It’s a Sign: Why God Talk Really Matters

August 29, 2012 by Bo Sanders 5 Comments

Two odd things have converged in my little pastoral office lately – both involve signs and they both impact how we think about God.

The first is that I was given a little daily calendar with actual church sign messages. They range from clever (rarely) to cheesy and all the way to painful.

 Sign #1 says “Twenty-four-hour lifeguard on duty – see John 3:16”

 Sign #2 says “God has not gone on vacation and left you in charge.” 

They are interesting, though different, but for similar reasons.

Sign #1 implies the God is always on the job – an all-the-time life guard. That is not the odd part (odd as it may be). The odd part is that it references John 3:16. Now, anyone who know that passage knows that it is about something very specific. “For God so loved the world that he gave his one and only Son, that whoever believes in him shall not perish but have eternal life.” So the ‘life guard’ is not watching over your actual life but an eternal life that you can have IF you believe in him.

That is an odd type of ‘life’ guard. It’s not really a promise to guard your life… it is a pledge to provide you another life after this life if you do certain things.

Sign #2 is sort of the opposite message.

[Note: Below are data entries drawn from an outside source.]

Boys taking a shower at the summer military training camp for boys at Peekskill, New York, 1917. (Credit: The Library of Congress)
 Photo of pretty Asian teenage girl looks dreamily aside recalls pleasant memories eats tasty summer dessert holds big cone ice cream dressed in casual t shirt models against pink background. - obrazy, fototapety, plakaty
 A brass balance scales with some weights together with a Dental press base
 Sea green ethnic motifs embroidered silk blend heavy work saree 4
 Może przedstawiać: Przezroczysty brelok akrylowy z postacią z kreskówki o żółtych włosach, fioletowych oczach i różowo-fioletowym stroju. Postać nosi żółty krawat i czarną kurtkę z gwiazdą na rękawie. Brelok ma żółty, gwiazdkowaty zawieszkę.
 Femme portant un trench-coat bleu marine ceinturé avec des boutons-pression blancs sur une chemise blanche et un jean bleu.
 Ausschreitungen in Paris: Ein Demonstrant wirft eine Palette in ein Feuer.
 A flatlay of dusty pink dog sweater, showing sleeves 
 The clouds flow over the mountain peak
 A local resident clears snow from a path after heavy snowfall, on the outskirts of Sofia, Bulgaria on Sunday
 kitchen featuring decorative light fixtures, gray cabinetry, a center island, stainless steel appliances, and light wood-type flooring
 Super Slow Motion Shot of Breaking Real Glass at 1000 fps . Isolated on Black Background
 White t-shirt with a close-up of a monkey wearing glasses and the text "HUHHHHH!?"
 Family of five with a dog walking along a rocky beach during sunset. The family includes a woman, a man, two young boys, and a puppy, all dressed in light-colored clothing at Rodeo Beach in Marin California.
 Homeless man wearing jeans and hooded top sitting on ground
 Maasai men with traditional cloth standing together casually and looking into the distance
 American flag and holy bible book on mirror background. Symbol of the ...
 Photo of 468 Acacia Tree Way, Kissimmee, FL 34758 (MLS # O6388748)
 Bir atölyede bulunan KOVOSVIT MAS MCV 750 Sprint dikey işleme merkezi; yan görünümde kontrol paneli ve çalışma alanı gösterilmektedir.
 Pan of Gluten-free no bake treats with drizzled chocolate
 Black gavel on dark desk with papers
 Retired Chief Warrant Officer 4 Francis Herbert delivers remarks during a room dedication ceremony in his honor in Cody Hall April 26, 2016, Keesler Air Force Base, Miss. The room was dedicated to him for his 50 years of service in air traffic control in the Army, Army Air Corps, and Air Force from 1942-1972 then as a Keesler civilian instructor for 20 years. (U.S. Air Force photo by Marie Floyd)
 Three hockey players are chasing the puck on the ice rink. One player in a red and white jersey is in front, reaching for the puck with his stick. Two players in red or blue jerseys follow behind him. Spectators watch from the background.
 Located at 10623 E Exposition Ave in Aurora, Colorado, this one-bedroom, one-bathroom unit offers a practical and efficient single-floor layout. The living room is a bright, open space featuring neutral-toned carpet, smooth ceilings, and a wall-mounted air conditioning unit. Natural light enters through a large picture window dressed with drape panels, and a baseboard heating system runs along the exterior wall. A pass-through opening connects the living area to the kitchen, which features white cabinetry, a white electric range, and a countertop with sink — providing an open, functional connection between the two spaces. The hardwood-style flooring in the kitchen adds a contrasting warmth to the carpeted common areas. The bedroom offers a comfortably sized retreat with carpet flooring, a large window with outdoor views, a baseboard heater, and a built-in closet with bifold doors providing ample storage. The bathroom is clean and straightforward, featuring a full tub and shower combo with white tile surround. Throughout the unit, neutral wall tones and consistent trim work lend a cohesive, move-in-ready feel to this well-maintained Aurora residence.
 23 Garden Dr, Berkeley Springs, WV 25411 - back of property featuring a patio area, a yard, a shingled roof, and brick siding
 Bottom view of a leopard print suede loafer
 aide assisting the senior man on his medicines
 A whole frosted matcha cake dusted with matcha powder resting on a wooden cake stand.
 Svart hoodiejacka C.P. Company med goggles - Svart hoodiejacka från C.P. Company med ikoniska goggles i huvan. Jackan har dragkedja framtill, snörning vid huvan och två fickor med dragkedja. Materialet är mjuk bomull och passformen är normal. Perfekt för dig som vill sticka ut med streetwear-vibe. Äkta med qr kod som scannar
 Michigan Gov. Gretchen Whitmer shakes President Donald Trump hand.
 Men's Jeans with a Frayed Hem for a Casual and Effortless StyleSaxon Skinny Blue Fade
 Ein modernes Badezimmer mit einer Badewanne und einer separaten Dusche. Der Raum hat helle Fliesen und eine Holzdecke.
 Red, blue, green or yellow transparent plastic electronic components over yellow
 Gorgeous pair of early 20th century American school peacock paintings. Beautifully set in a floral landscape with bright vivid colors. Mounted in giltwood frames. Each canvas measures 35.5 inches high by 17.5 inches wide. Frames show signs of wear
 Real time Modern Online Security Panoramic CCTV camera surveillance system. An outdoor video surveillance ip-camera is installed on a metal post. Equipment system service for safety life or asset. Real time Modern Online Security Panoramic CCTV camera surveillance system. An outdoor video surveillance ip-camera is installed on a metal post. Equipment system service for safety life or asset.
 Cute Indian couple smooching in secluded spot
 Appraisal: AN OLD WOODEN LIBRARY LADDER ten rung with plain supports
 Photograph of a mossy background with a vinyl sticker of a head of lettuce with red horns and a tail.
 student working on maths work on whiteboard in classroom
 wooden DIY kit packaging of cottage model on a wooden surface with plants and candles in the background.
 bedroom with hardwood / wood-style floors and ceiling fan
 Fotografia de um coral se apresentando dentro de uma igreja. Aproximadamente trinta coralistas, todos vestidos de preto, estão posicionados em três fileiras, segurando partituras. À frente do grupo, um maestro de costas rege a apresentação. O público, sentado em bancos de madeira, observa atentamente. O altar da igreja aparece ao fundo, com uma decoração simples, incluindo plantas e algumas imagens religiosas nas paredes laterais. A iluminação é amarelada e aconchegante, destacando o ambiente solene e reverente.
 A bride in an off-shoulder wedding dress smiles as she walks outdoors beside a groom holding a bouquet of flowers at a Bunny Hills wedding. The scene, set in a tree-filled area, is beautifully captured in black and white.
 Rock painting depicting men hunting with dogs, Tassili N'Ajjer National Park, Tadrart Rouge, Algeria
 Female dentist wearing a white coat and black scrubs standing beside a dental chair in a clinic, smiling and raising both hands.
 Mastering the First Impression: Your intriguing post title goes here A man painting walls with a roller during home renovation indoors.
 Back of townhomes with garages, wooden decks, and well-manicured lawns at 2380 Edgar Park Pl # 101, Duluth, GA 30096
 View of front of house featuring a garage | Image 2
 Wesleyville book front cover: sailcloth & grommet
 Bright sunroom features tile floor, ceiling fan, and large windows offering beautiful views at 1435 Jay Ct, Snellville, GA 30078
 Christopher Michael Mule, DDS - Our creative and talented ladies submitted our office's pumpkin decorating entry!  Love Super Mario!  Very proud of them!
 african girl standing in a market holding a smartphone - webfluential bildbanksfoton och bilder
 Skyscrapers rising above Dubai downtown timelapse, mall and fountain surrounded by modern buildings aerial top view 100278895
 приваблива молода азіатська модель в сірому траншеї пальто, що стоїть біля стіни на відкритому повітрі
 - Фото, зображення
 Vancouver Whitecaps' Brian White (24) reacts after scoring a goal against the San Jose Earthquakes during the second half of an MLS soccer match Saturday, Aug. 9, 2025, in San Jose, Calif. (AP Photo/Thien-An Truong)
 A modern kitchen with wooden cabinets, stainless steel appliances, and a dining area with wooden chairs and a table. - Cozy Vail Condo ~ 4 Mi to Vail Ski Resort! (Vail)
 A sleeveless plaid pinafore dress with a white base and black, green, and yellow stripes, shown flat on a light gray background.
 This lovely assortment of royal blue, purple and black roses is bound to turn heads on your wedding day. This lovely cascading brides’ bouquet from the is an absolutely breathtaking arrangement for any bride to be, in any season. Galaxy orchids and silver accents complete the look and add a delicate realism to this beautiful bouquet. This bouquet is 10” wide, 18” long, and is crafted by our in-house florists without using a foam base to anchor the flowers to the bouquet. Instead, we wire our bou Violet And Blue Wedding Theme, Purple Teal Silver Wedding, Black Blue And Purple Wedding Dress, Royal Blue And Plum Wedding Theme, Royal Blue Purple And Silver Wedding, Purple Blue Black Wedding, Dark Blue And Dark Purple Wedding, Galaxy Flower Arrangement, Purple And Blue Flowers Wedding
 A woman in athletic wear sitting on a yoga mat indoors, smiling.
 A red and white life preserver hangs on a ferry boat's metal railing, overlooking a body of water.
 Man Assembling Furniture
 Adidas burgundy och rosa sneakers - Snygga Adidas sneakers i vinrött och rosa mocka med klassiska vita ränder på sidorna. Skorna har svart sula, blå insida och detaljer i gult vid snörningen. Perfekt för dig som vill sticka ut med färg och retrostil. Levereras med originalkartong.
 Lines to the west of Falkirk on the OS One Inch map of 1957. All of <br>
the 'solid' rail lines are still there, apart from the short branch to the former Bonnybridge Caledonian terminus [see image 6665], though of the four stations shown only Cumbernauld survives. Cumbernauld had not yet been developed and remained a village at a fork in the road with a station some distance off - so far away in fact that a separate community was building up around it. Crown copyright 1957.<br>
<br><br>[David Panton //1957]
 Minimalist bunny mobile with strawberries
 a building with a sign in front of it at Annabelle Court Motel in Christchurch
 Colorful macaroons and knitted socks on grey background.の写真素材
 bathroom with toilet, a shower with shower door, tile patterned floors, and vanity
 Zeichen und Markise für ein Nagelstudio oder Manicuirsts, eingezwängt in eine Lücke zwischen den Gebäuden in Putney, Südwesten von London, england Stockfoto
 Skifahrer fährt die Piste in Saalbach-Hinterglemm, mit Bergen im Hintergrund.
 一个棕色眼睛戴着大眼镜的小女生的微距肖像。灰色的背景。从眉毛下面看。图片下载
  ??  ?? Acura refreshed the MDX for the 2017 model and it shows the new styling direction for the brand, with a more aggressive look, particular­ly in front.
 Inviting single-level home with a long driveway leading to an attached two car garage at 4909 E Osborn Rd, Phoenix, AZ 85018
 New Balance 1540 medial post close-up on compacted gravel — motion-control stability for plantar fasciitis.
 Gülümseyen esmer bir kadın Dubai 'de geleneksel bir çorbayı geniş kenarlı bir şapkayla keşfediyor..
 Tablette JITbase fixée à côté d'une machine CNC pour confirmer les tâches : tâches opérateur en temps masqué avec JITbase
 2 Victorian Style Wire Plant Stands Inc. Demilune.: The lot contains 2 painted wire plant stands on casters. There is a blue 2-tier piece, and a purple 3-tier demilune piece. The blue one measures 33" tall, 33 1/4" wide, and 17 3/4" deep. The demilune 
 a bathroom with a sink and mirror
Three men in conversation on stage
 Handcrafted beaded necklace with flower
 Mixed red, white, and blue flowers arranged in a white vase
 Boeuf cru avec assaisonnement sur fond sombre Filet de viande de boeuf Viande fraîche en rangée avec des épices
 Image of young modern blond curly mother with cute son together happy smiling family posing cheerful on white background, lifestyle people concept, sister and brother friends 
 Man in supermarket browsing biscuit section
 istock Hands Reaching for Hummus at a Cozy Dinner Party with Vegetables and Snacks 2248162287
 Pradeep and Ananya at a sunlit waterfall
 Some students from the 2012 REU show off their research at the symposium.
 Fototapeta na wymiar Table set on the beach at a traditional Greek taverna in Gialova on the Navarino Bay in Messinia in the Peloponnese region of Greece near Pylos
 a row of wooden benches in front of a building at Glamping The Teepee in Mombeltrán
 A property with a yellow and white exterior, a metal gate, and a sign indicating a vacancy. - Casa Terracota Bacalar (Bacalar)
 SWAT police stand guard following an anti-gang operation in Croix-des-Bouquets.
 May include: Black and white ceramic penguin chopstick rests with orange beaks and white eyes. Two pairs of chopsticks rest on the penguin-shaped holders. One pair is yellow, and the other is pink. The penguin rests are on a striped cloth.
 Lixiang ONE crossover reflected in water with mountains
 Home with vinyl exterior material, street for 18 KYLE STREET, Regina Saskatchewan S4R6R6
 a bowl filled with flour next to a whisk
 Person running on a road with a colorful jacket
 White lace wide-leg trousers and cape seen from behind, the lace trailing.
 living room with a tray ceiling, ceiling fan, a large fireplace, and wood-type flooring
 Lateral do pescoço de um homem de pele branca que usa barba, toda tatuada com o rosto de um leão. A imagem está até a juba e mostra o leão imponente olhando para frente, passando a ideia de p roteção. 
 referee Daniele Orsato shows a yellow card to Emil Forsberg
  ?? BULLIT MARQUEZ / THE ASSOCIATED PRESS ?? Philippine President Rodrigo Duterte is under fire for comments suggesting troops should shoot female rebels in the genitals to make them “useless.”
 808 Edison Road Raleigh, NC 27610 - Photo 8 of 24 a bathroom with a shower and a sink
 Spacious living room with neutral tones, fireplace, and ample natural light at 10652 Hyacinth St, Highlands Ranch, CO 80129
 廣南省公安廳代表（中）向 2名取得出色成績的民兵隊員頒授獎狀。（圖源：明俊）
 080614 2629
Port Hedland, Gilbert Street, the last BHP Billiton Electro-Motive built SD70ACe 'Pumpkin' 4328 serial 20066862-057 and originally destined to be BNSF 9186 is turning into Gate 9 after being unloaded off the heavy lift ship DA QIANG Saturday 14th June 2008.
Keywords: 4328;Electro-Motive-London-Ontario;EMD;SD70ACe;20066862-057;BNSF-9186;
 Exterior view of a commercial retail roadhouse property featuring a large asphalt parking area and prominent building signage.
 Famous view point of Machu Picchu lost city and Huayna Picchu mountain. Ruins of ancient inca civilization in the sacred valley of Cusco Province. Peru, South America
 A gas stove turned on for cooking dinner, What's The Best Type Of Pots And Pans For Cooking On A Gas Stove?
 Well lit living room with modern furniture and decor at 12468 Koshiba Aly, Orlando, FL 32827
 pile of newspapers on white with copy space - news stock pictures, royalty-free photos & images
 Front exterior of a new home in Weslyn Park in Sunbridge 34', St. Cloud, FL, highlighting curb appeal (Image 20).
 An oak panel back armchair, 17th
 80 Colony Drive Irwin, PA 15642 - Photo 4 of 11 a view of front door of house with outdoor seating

It says that God is not all the far away and you should not act like you are in charge of how things go. The implication is that God is very present and in some way directing or dictating how things go … even if it is loosely and absentee enough that you could be under the impression that you should take up action and do something.

 These Church signs kind of confuse me and I get turned around about what I am suppose to do and believe. 

 On a different note: we had a new visitor to our church a couple of weeks ago and they came back the next week.  On their third week they told us that on their first week they know that they had found the right church. They had gotten ‘a sign’ that they were in the right place for them.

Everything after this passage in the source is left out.